Impact assessments are carried out to assess the consequences of individual projects -- Environmental Impact Assessment
-- or of policies and programmes -- Strategic Environmental Assessment
Environmental Impact Assessment
Environmental Impact Assessment (EIA) is a process of evaluating the likely environmental impacts of a proposed project or development, taking into account inter-related socio-economic, cultural and human-health impacts, both beneficial and adverse.
UNEP defines Environmental Impact Assessment (EIA) as a tool used to identify the environmental, social and economic impacts of a project prior to decision-making. It aims to predict environmental impacts at an early stage in project planning and design, find ways and means to reduce adverse impacts, shape projects to suit the local environment and present the predictions and options to decision-makers. By using EIA both environmental and economic benefits can be achieved, such as reduced cost and time of project implementation and design, avoided treatment/clean-up costs and impacts of laws and regulations.

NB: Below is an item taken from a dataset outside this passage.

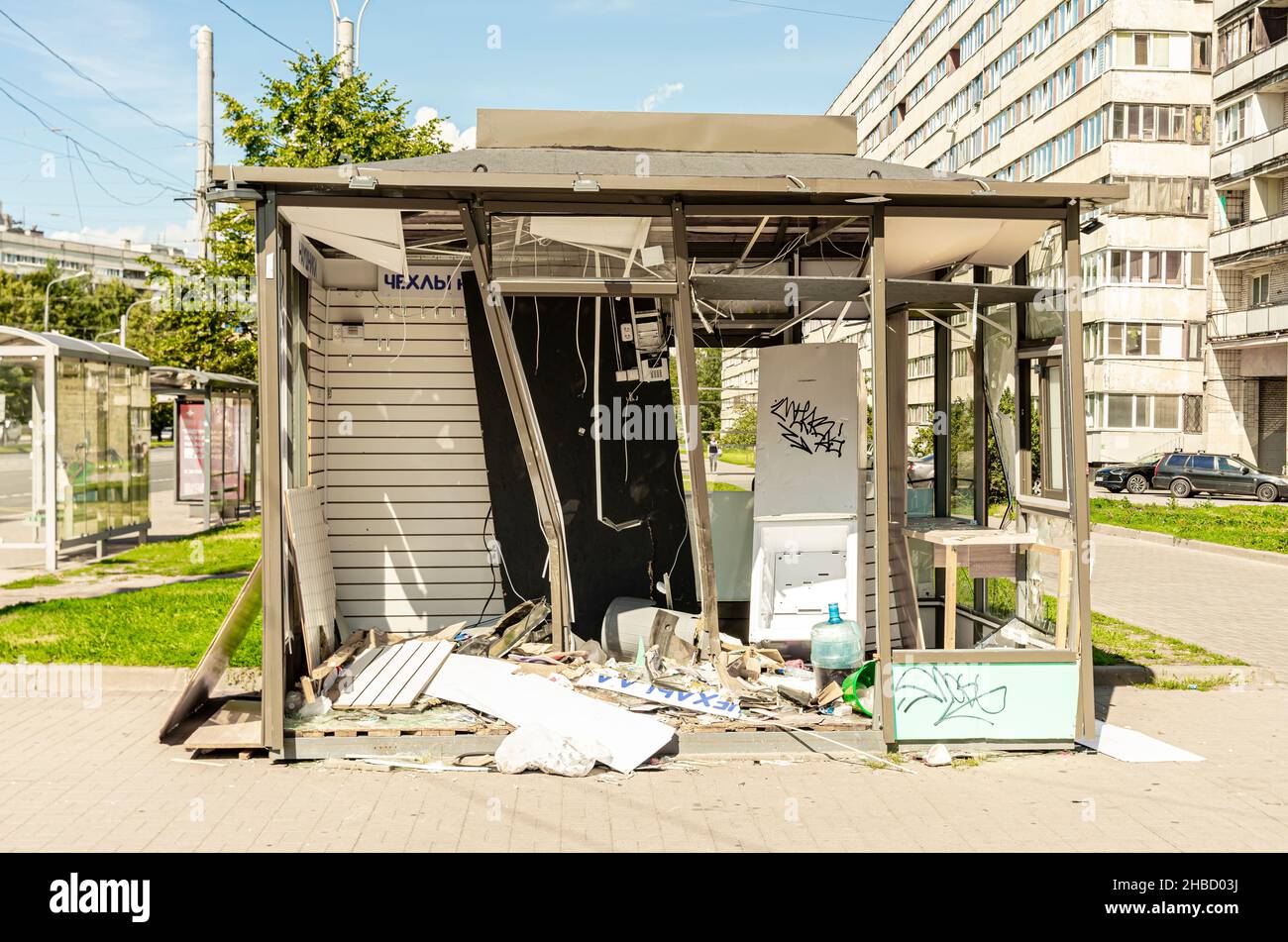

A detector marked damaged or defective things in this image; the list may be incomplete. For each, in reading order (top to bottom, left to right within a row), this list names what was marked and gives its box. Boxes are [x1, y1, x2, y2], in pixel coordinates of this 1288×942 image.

Although legislation and practice vary around the world, the fundamental components of an EIA would necessarily involve the following stages:
- Screening to determine which projects or developments require a full or partial impact assessment study;
- Scoping to identify which potential impacts are relevant to assess (based on legislative requirements, international conventions, expert knowledge and public involvement), to identify alternative solutions that avoid, mitigate or compensate adverse impacts on biodiversity (including the option of not proceeding with the development, finding alternative designs or sites which avoid the impacts, incorporating safeguards in the design of the project, or providing compensation for adverse impacts), and finally to derive terms of reference for the impact assessment;
- Assessment and evaluation of impacts and development of alternatives, to predict and identify the likely environmental impacts of a proposed project or development, including the detailed elaboration of alternatives;
- Reporting the Environmental Impact Statement (EIS) or EIA report, including an environmental management plan (EMP), and a non-technical summary for the general audience.
- Review of the Environmental Impact Statement (EIS), based on the terms of reference (scoping) and public (including authority) participation.
- Decision-making on whether to approve the project or not, and under what conditions; and
- Monitoring, compliance, enforcement and environmental auditing. Monitor whether the predicted impacts and proposed mitigation measures occur as defined in the EMP. Verify the compliance of proponent with the EMP, to ensure that unpredicted impacts or failed mitigation measures are identified and addressed in a timely fashion.
Strategic Environmental Assessment
Sadler and Verheem (1996) define Strategic Environmental Assessment (SEA) as the formalized, systematic and comprehensive process of identifying and evaluating the environmental consequences of proposed policies, plans or programmes to ensure that they are fully included and appropriately addressed at the earliest possible stage of decision-making on a par with economic and social considerations.
Since this early definition the field of SEA has rapidly developed and expanded, and the number of definitions of SEA has multiplied accordingly. SEA, by its nature, covers a wider range of activities or a wider area and often over a longer time span than the environmental impact assessment of projects.
SEA might be applied to an entire sector (such as a national policy on energy for example) or to a geographical area (for example, in the context of a regional development scheme). SEA does not replace or reduce the need for project-level EIA (although in some cases it can), but it can help to streamline and focus the incorporation of environmental concerns (including biodiversity) into the decision-making process, often making project-level EIA a more effective process.
SEA is commonly described as being proactive and ‘sustainability driven’, whilst EIA is often described as being largely reactive.